=== Work task ===
Exactly the lines from the one that holds "Pop! Animation: Dragon" to the end of the data below: retype these and nothing else.

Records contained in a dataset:
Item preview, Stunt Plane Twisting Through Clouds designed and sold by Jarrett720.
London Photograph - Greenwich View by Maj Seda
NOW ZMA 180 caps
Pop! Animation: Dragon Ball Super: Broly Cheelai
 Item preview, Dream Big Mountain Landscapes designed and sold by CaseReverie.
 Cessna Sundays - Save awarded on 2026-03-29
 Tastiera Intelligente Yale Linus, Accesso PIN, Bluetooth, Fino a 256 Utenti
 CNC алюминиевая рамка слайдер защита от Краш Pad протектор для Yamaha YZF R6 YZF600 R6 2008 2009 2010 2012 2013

=== Written answer ===
Pop! Animation: Dragon Ball Super: Broly Cheelai
 Item preview, Dream Big Mountain Landscapes designed and sold by CaseReverie.
 Cessna Sundays - Save awarded on 2026-03-29
 Tastiera Intelligente Yale Linus, Accesso PIN, Bluetooth, Fino a 256 Utenti
 CNC алюминиевая рамка слайдер защита от Краш Pad протектор для Yamaha YZF R6 YZF600 R6 2008 2009 2010 2012 2013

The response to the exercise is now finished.